We just posted a paper to bioRxiv looking at the dynamics of cross-species transmission of SIVs (HIV’s close relatives that infect other species of primates). This was my Epidemiology MS thesis project here in the Bedford lab, and was my first computational project.
SIVs infect over 45 different species of primates, and HIV emerged as a human pathogen through at least 12 independent transmissions of SIVs from chimpanzees, gorillas, and sooty mangabeys to humans. Individual occurences of SIVs switching hosts have been sporadically documented, but we still had no idea how regularly SIVs switch hosts – i.e., we had no idea whether or not the transmissions that sparked the HIV pandemic were unusual occurences.

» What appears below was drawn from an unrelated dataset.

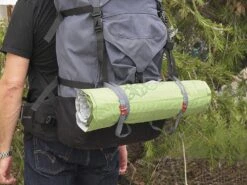 Sea To Summit Accessory Straps W Hook 20mm / 3/4'' - 40in/1m|-|Sangles Avec Crochet 20mm / 3/4'' - 40po/1m -Sea To Summit STS 843 7E 7EDetail2 20Orange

Many of these viruses have been sequenced in recent years. While we weren’t able to study them all, we were able to get enough sequence data (shout out to the fantastic Los Alamos National Labs database) to study the history of SIV cross-species transmission (CST) among 24 different primates. We used this data to assess how frequently viruses from different lineages recombine (part of one genome and part of another genome getting “pasted together”), and to look at how often they’ve switched hosts over evolutionary time. Our phylogenetic analysis found that SIV evolution has been shaped by at least 13 instances of interlineage recombination, and identified 14 novel, ancient CST events. We found that on average, each linaege of SIV switches hosts about once every 6.25 substitutions per site (these are funny units because SIVs are millions of years old, but they essentially mean the amount of evolutionary time required to see 6.25 substitutions in each site of the genome). We also observed more CST events between closely related primates, and find that viruses and hosts have extensively coevolved (and likely cospeciated). Taken together, our results show that SIV biology has been extensively shaped by CST, but it’s still a rare phenomenon over evolutionary time.